Interface 9: When a running job of a job_set is requeued.

  • Visibility: Public
  • Change Control: Stable
  • Details:
    • When a running job of a job_set is requeued all other held jobs are released and put back in queued state.
    • job_comment of all the jobs of the job_set is cleared.

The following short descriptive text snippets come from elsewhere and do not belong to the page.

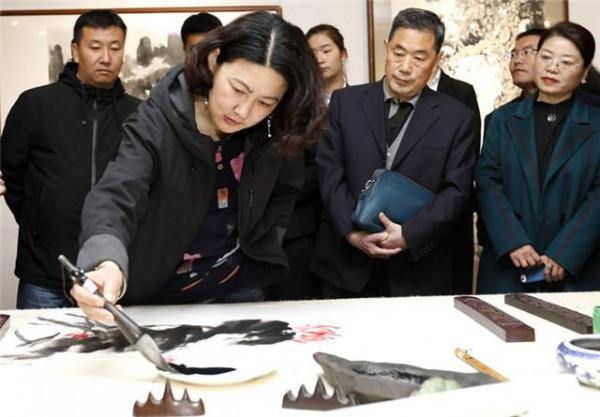 “啃爺藝術家”齊慧娟落款“白石孫女”，一幅畫賣30萬，誰人不服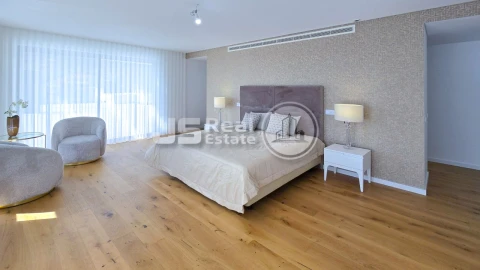 Apartamento T6 para Venda em Funchal (São Pedro)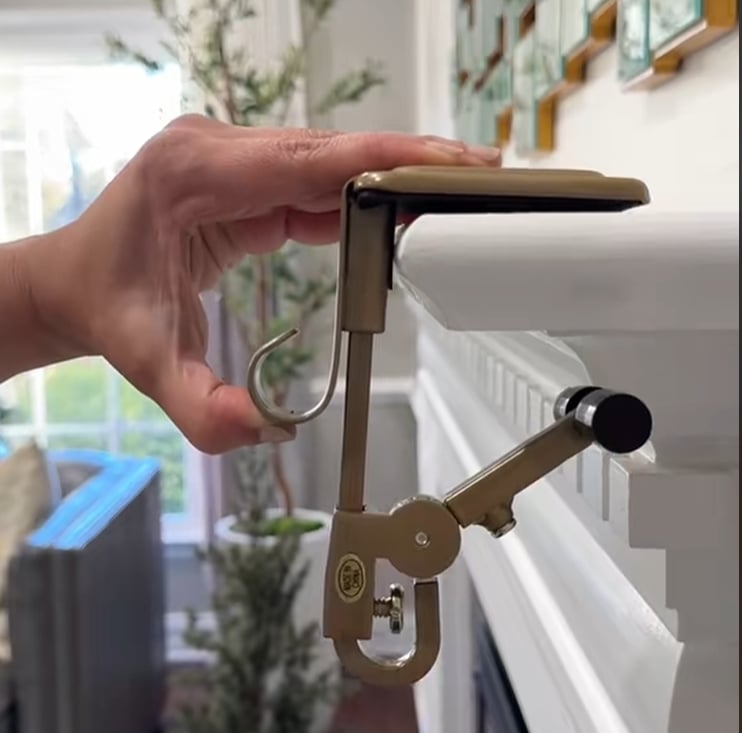 FestivaGrip™ — Hang Heavier Stockings Without Scratches or Stress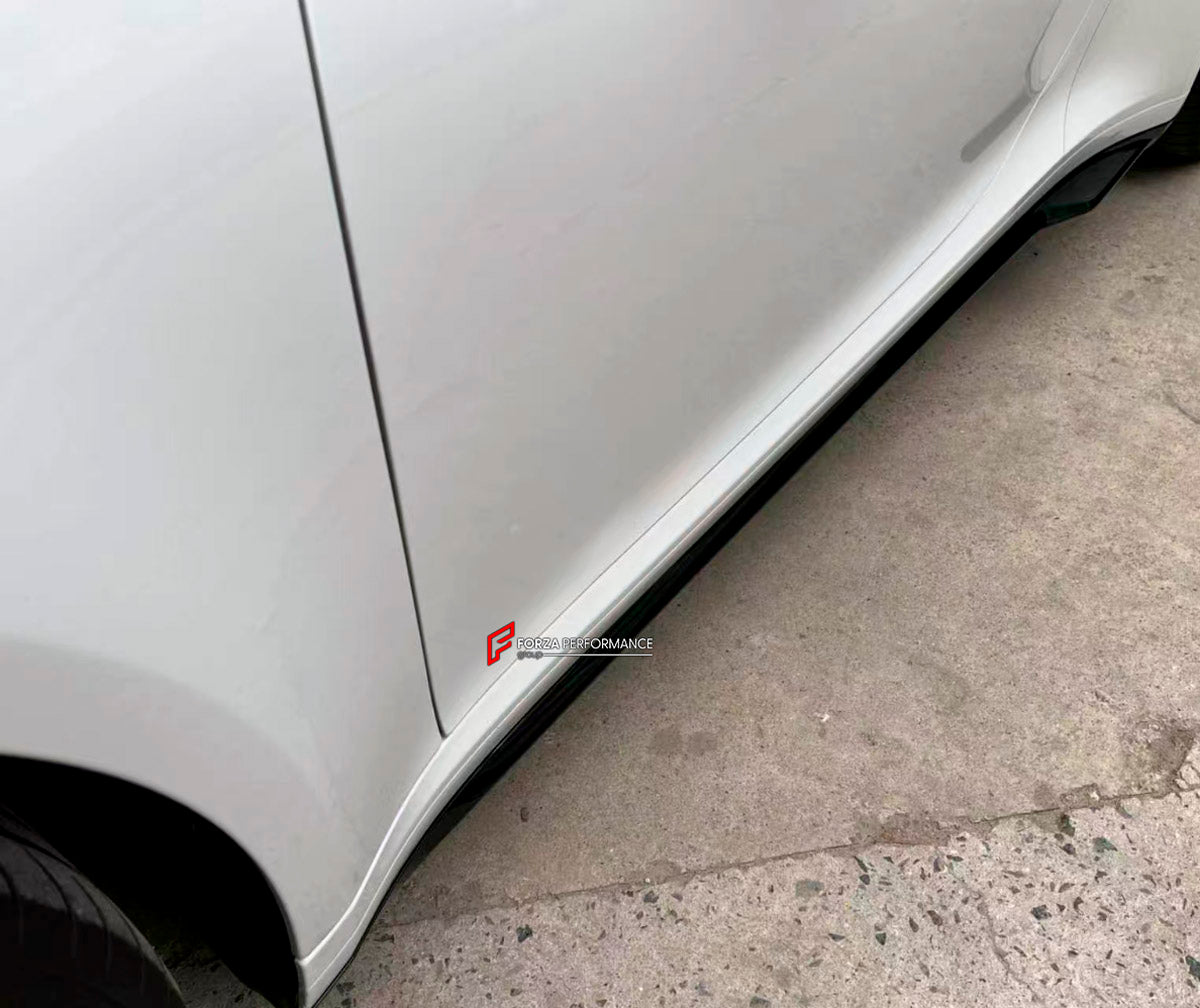 CARBON Side Skirts for Porsche 911 992.1 Turbo S 2019 - 2025
Set includes:

Side Skirts
Material: Carbon

NOTE: Professional installation is required.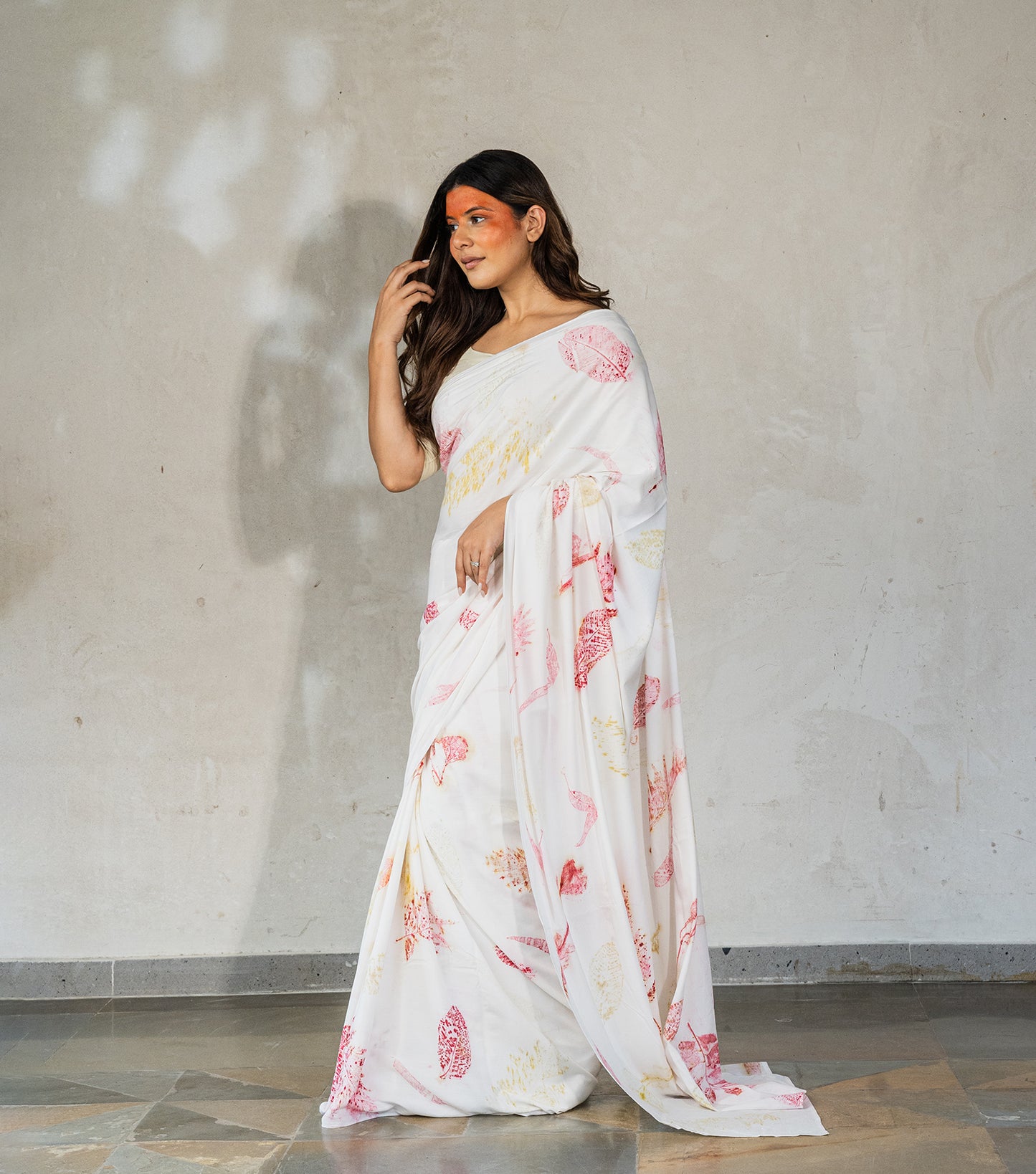 Ferns & Mix Leaves All Over Off White Cotton Saree (Hand Dyed With Harde)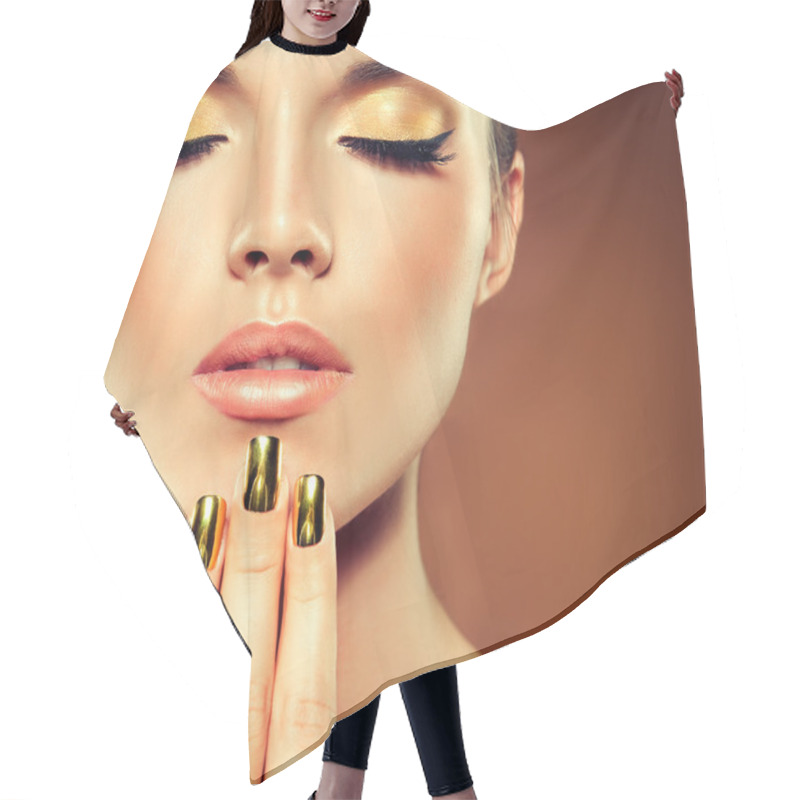 Personality   Girl Face With Golden Make Up  Hair Cutting Cape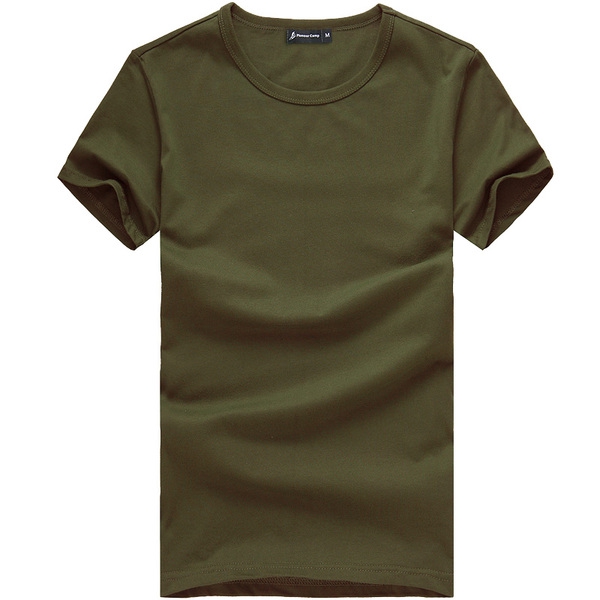 Много различни цветове мъжки тениски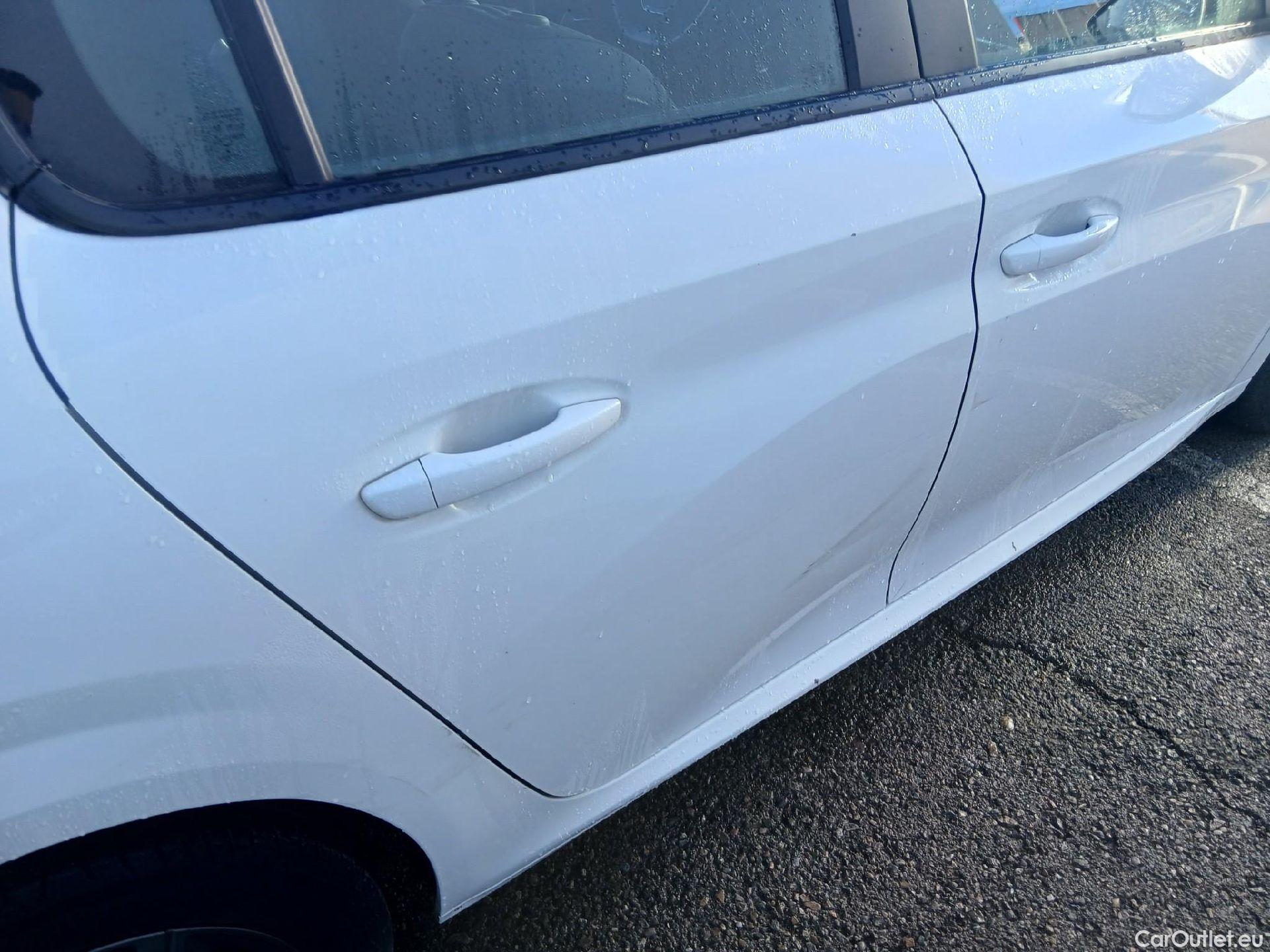  Peugeot  208 PEUGEOT  / 2019 / 5P / berlina con portón BlueHDi 73kW (100CV) Active Pack (AC) #17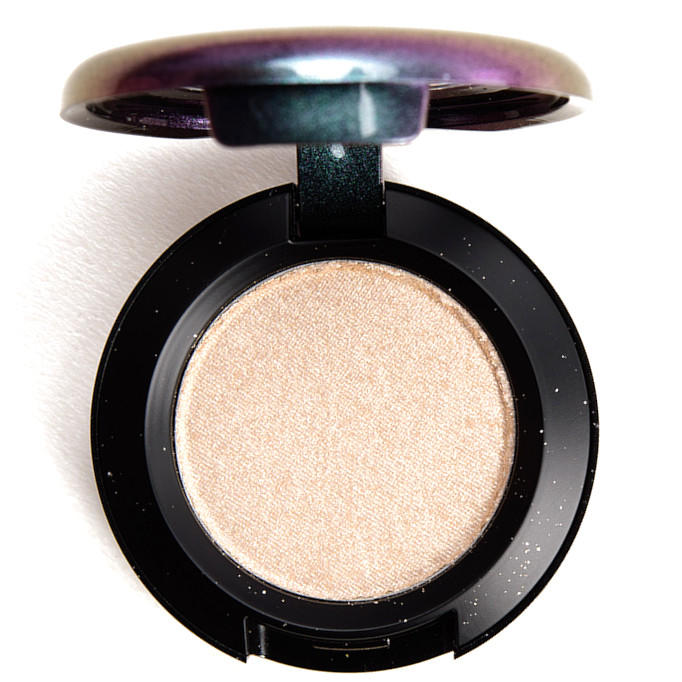 MAC Eyeshadow Dust Off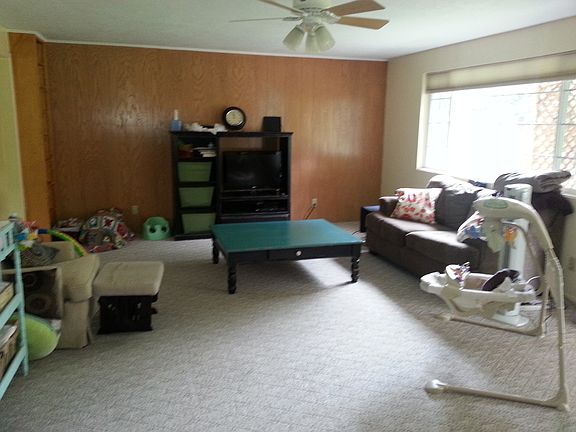 4th image of 2828 N Pauley Dr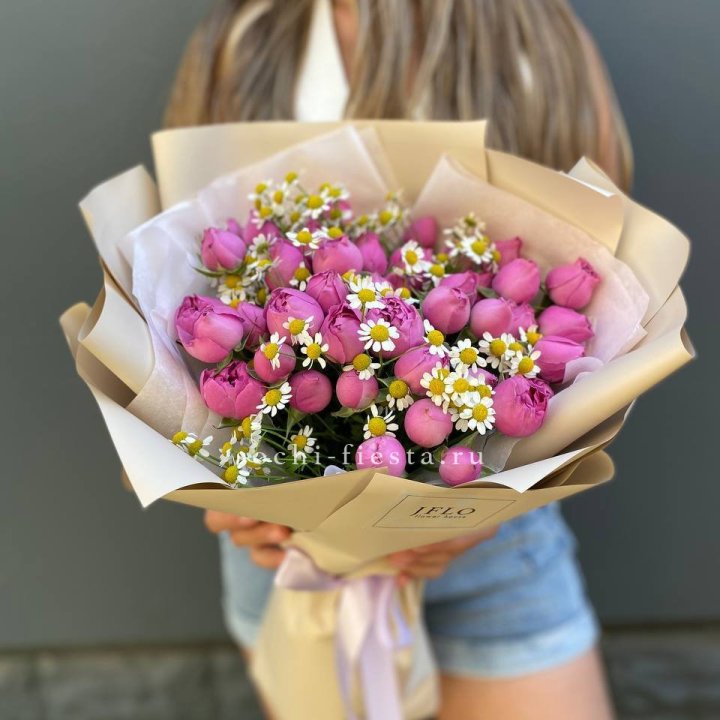 Дуобукет мисти с ромашками  в Хосте и Кудепсте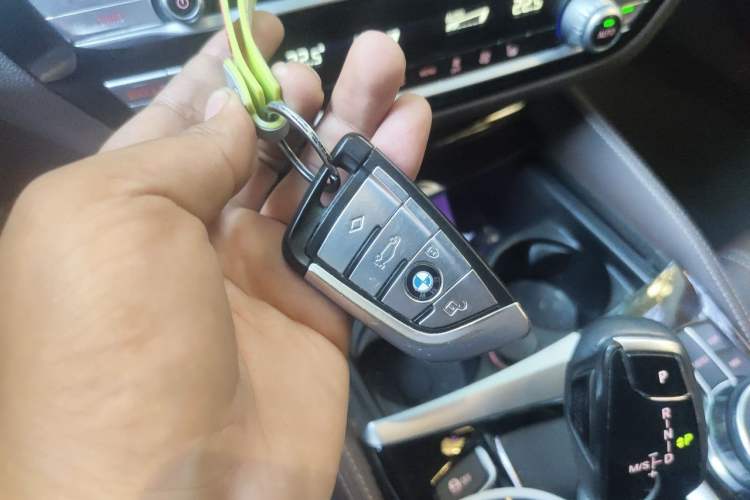 Used BMW 5 Series 2018 525Li Luxury Package Vehicle Key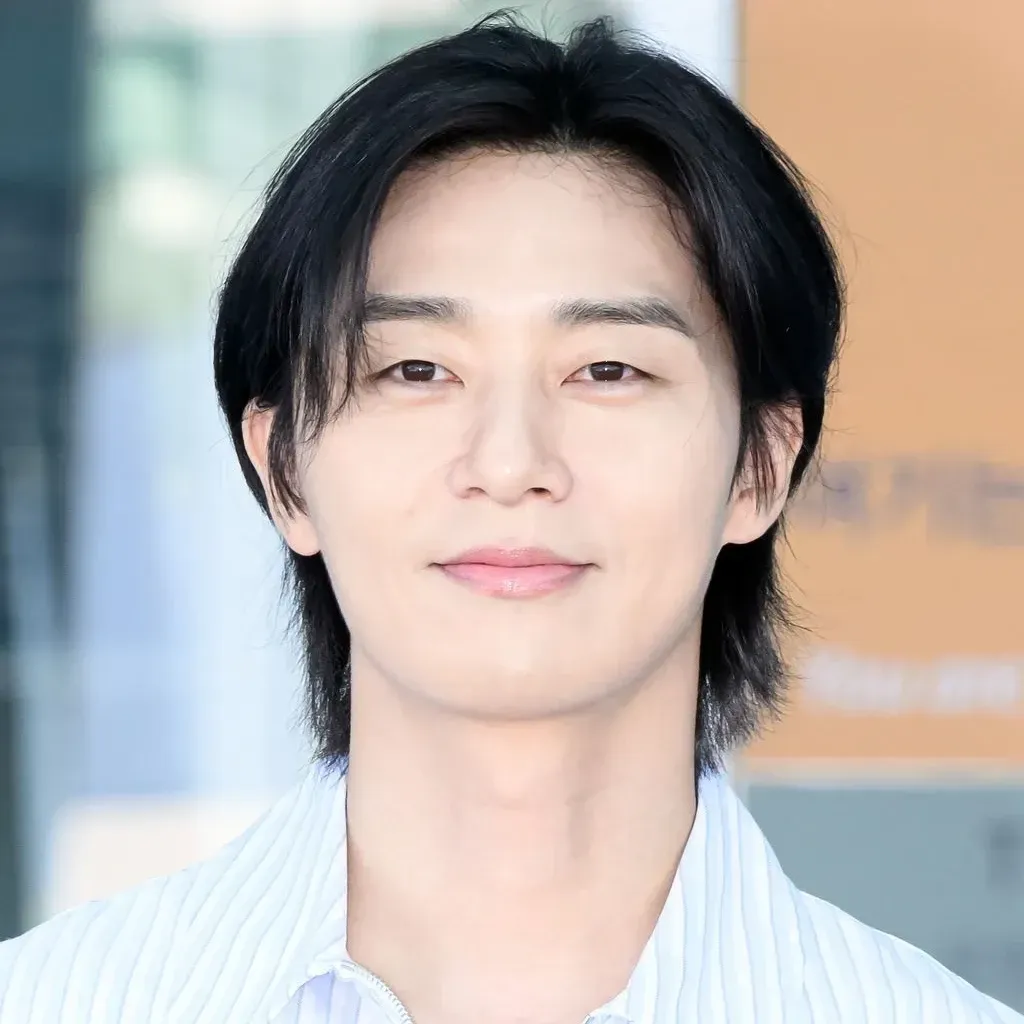 Behind-the-scenes cut of Park Seojoon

Interface 10: When a job of a job_set starts running

  • Visibility: Public
  • Change Control: Experimental
  • Details:
    • When a job of a job_set start running, all the other jobs of the job_set are also moved to finished state.


FUTURE ENHANCEMENTS

—————————————


Going forward the same concept can be interpreted in terms job arrays as well and job arrays just becomes a subset of a job_set case. Job arrays are essentially job_set with a difference that in this case user wants all its subjobs to run instead of running only one.

 

If we expose a way to tell server whether we need only one job to run out of the set or all the jobs (like –R RUN_ONE|RUN_ALL), then server can internally take a decision when to delete the job_set.

 

Same syntax can be used to even submit job arrays.

EXAMPLE 1:

qsub –R RUN_ALL –L “select=1:ncpus=16:mem=2gb,nfilter=“resources_available[‘os_ver’]>=rhel6 and resources_available[‘color’]==‘blue’ ”,walltime=02:00:00  -L select=2:ncpus=8:mem=2gb,nfilter=“resources_available[‘os_ver’]!=rhel7 and resources_available[‘color’]!=‘black’ ”,walltime=01:45:00 job.scr

 

Since job arrays mostly consists of same resource specifications users can also do something like this –

EXAMPLE 5:

Qsub –R RUN_ALL –J 0-9 –l select=1:ncpus=16:mem=2gb,nfilter=“resources_available[‘os_ver’]>=rhel6 and resources_available[‘color’]==‘blue’ ”,walltime=02:00:00 job.scr

 

If the job is received out of this submission (Example 1  or Example 2) is 123.server1 then one can access the first pool job as 123.server1 or 123[0].server1 and to access second job they can do 123[1].server1. Internally PBS server will map the index of the subjob specified to an actual job which was part of the same job_set.